(Beginning of INFORMATION SHOWN)
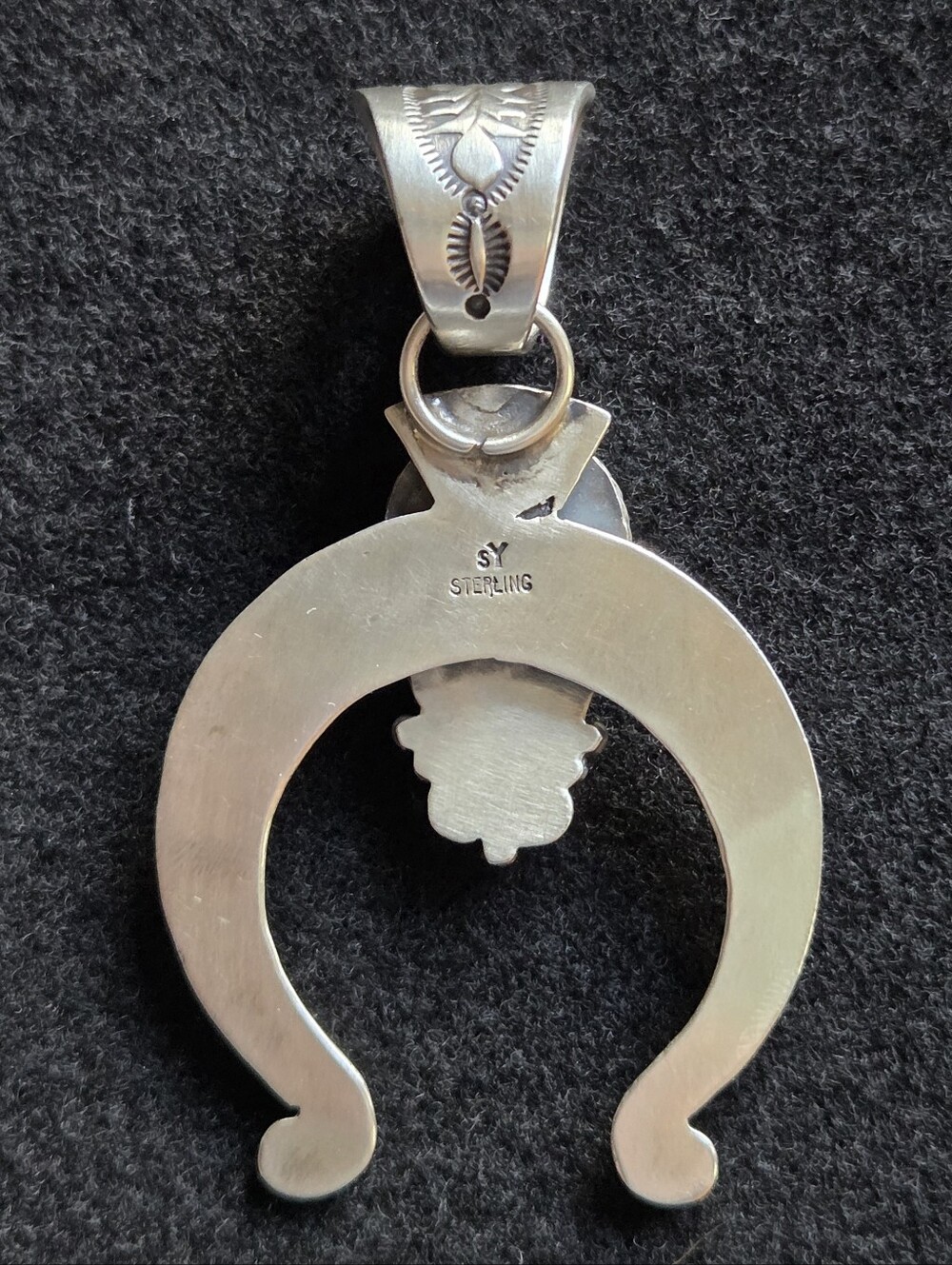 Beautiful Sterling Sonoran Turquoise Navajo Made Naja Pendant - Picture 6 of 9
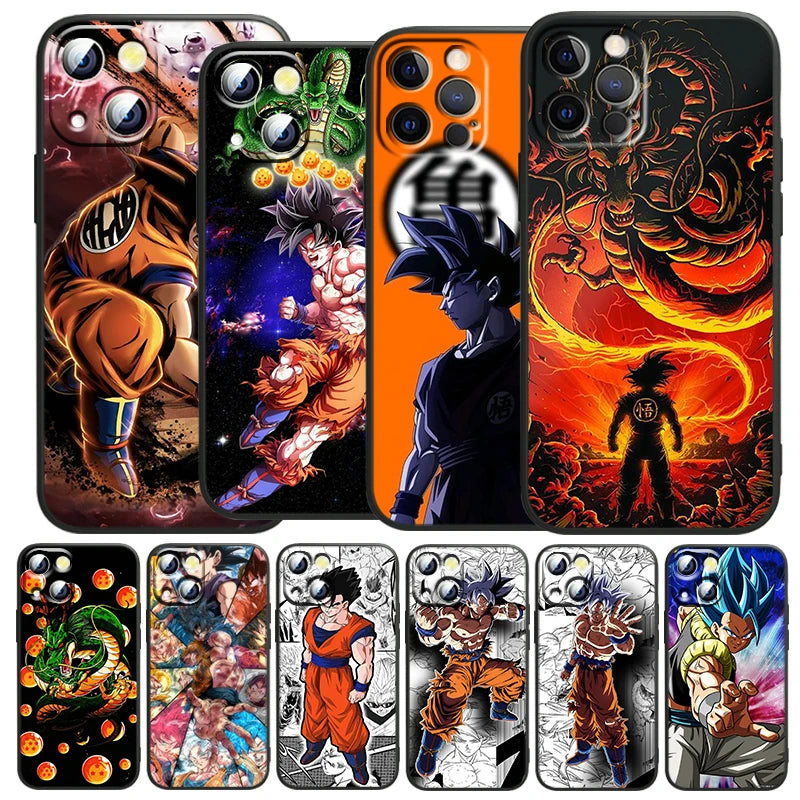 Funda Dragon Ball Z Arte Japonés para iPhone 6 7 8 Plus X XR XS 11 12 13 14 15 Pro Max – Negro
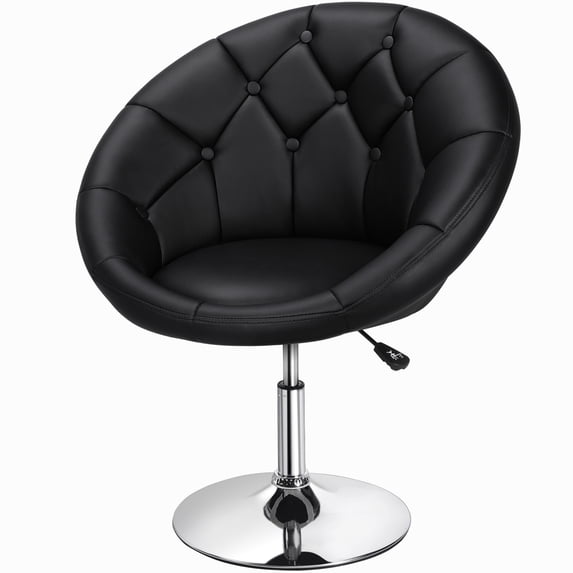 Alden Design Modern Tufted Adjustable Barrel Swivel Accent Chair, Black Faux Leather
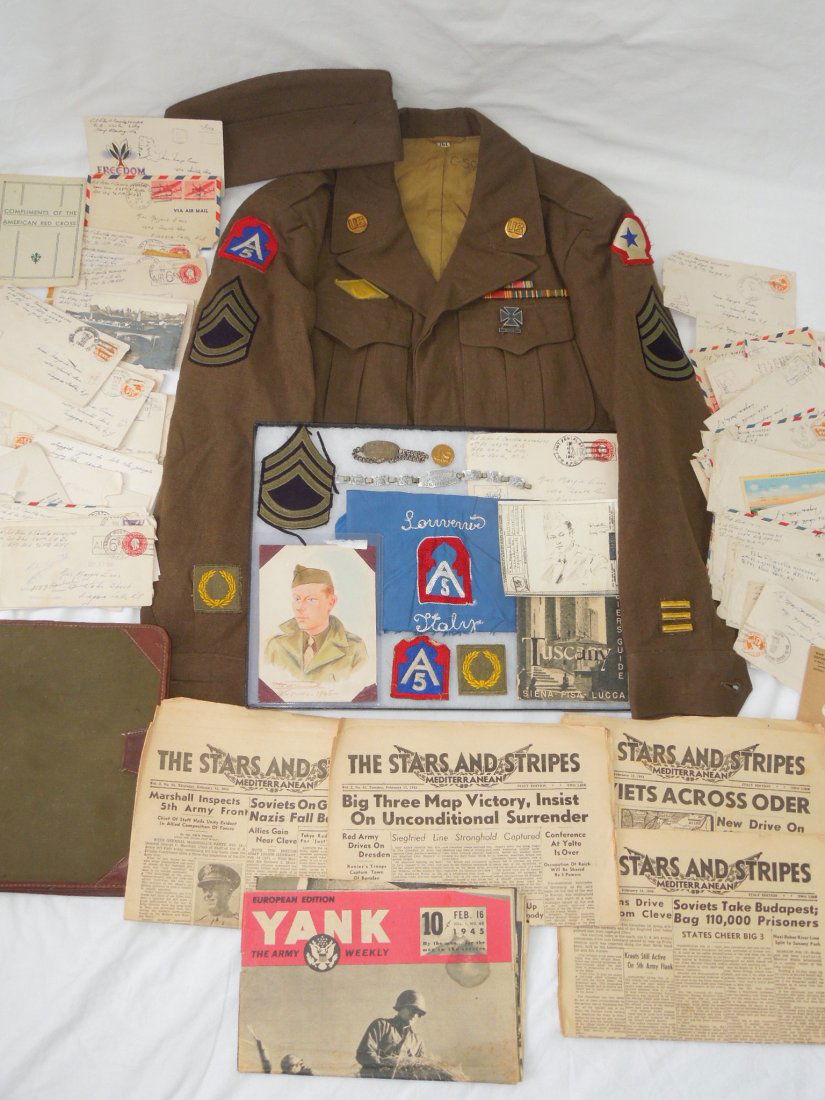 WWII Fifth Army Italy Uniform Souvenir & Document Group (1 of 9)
(End of INFORMATION SHOWN)
(TASK TO CARRY OUT) Your copy of the listing should match it exactly, apart from the pictures, which are left out.

(RESPONSE AREA)
 Beautiful Sterling Sonoran Turquoise Navajo Made Naja Pendant - Picture 6 of 9
 Funda Dragon Ball Z Arte Japonés para iPhone 6 7 8 Plus X XR XS 11 12 13 14 15 Pro Max – Negro
 Alden Design Modern Tufted Adjustable Barrel Swivel Accent Chair, Black Faux Leather
 WWII Fifth Army Italy Uniform Souvenir & Document Group (1 of 9)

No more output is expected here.